A slippery slope here. Mordon asked himself, Do I want to make enemies of these people? What's the profit in it? On the other hand, what do they want? He said, "Dr. Heimhocker, I don't believe we have a disparity of interest here. You want to see the result of your experiment, naturally, and NAABOR wants to see if the result of your experiment is useful in any other way."
Heimhocker's reaction was to display even greater hostility and suspicion. " What other way?"
Mordon's irritation broke the surface of his professional calm. "Nothing to do with you," he snapped. "We're not talking vivisection here, for God's sake."
"What are you talking?"
"I don't see in what way that matters to you.

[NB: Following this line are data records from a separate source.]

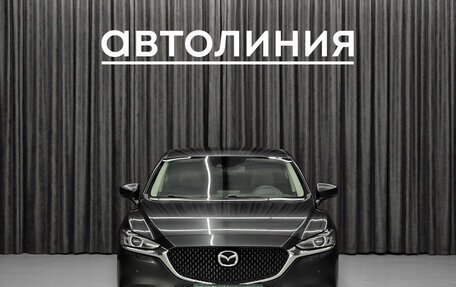 Mazda 6, 2019 год, 1 999 000 рублей, 2 фотография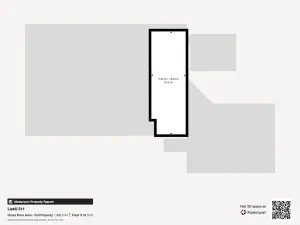 Prodej výrobních prostor, Liptál, 1097 m2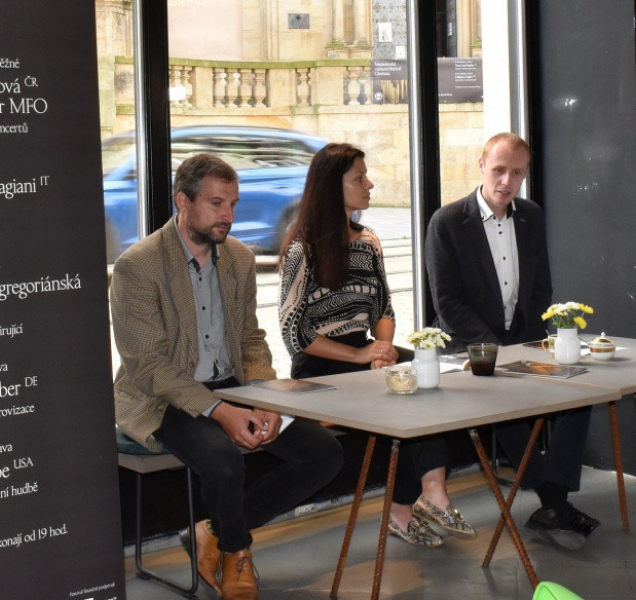 Špičkoví varhaníci vystoupí na Mezinárodním varhanním festivalu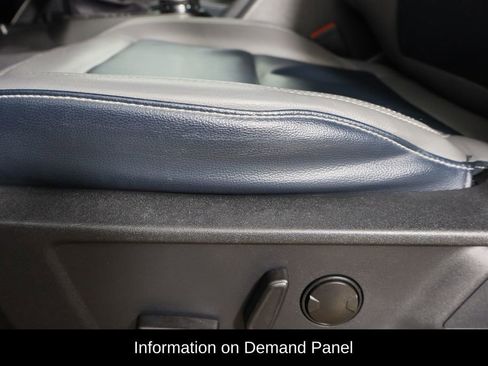 Used 2022 Ford Bronco Outer Banks image 22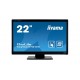 iiyama ProLite T2252MTS-b5-22" - écran LED - Full HD (1080p)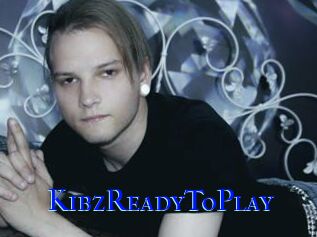 KibzReadyToPlay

The fellow's a thief, he robbed you, he stole all your office equipment, what are you trying to protect him for?"
"All we're trying to protect," Heimhocker said, while beside him Loomis's head bobbed in frantic agreement, "is the integrity of our experiment. What we are thinking about, quite frankly, Mr. Leethe, David and I, what we are thinking about is the judgment of our peers, our peers, when we publish. We made a mistake, I grant you that, but the mistake wasn't using whatsisname, Fredric Noon, Fredric Urban Noon, using him for our experimental subject. The mistake was in letting him get away. You say you know where he is, and we say, we're not going to let—"
"No, I didn't say that."
"— him get away again. What do you mean? Of course that's what you said."
"I did not."
"We heard you," Loomis chimed in. "We both heard you."
"What I said," Mordon carefully explained, "was that we know who he is. He left fingerprints in your guest room, our expert lifted them—"

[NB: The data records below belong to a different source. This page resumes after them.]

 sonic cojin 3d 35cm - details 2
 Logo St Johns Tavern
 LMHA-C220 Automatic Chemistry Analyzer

" And left a mess behind."
"Irrelevant, David."
"Still."
Mordon said, "May I go on?"
" I'm sorry," Loomis said. "Yes, please do. You know who he is, but you don't know where he is? That's silly."
"Is it? The man is not on parole, not wanted for any crime—"

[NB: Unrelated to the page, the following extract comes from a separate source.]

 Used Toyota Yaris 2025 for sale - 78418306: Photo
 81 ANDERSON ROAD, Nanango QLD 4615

"Except the burglary here," Heimhocker interrupted.
"Well, no," Mordon said. "In the first place, it was a robbery, not a burglary, and in—"
Loomis said, "What's the difference? It's the same thing."
"A burglary is a theft in unoccupied premises," Mordon explained. "If the premises are occupied, it's robbery, a more serious crime. Whether or not the occupants and the criminal interact."
"Then he's wanted for robbery," Heimhocker said.
"The robbery was reported, by you," Mordon told him, "but there's been no official report linking Fredric Noon to the crime."
"For God's sake, why not?"
"Well, just from your point of view," Mordon said, "how much do you want Fredric Noon in jail from now on, for the rest of his life, absolutely unavailable to you for observation and experimentation?"
"We've done the experiment."
"And the observation?"
Loomis said, "Peter, he's right." Turning to Mordon, he said, "But the fingerprint man was from the police."